I say you could be disappointed because, if you’re a big fan of Family Guy or the Ted films, you may be looking forward to whatever shocking hilarity may ensue on a sci-fi show like The Orville. I say you could be pleasantly surprised because, if you’re the kind of person who finds Family Guy’s humor to be crass and over the top, you’ll discover that The Orville is actually a really grounded show.
Honestly, when I first began seeing promos for The Orville back in the summer of 2017, I was intrigued, but I was also unimpressed. Years ago, I really enjoyed watching Family Guy and thought that MacFarlane and his staff of writers were capable of writing some really funny stuff. Eventually, that kind of humor just didn’t do anything for me, so I haven’t seen an episode of that particular animated series in nearly a decade.
I assumed that, because this was a new live action series created by Seth MacFarlane, it would feature a lot of the same kind of humor that I had come to expect from TV and movies with his name on them.
Another reason why I wanted to check out the show and avoid it at the same time was because I was pretty much raised on all things Star Trek. Dad made sure I knew all about the voyages of the starship Enterprise and its continuing mission to seek out new life and new civilizations, boldly going where no one has gone before. I am well versed on the adventures of the classic crew, the next generation crew, and all of the spin-offs that have come and gone since.
When The Orville premiered, I was curious enough to watch the first episode. And I loved it.
Kids, every episode of this show is like a love letter to the Star Trek franchise. So much of it pays tribute to the films and TV series that have spanned more than 50 years, but it also stands on its own two feet as something unique. Each week is a perfect blend of sci-fi, drama, and humor that is able to take itself seriously when it needs to, but also remembers the importance of levity.
As a fan of Trek, I appreciate all the nods that The Orville gives to what has come before. But it’s also refreshing to enter into this new world that Seth MacFarlane is building through this series without being tied down to that same 50 years of continuity that everything new in the Star Trek galaxy must be a slave to. Because, if they mess anything up, Paramount will hear about it from the fans.
The Orville is new. And it’s free to make it all up as they go along.
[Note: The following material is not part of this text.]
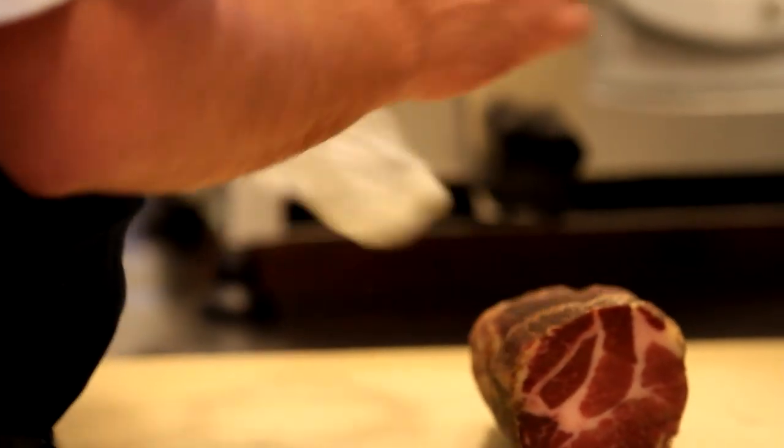Emulsification is the binding together of fat and water — the water being the meat. An example would be a bottle of vinaigrette that's separated in your refrigerator. You shake it up and all the fat cells are being encapsulated by water. Same idea.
Another thing to note is that, at the same time The Orville was premiering on Fox, Star Trek: Discovery, the latest series in the Trek franchise was premiering on CBS’s streaming platform, All Access. I like Discovery and I like the new direction that it has taken its franchise. But I think I like The Orville more. Discovery is dark and serious and very action heavy, which is fine for what it is. The Orville, like I said before, is much more light-hearted and gives its audience a chance to laugh, even when tackling heavier social issues. Tackling those issues is something that the original Trek series was known to do, but I don’t ever remember laughing quite so much while watching those early adventures of Captain Kirk and Mr. Spock.
Here’s a little of what you should know about The Orville… Seth MacFarlane plays Captain Ed Mercer who, at the start of the series, was on track to command his own vessel at a young age. However, his life spiraled a bit when he caught his wife cheating on him. Sometime later, he’s offered his chance to command the Orville. The catch is that his first officer just happens to be his ex-wife, Commander Kelly Grayson, played by Adrianne Palicki (Friday Night Lights, Agents of SHIELD). Right away, that kind of sounds like the beginning of a cheesy 90s sitcom. But it works. The crew of the Orville is rounded out by a mix of humans and aliens that all make for very interesting plots as the series progresses.
So, if you’re at all into science fiction, give The Orville a shot. If you’re turned off because of MacFarlane’s earlier work, watch an episode and see what you think. If you’re disappointed at hearing it’s not at all like MacFarlane’s earlier work, watch an episode and see what you think. They’re a few episodes into the second season, but I’m pretty sure you can catch up on Hulu if you’ve subscribed to the streaming service.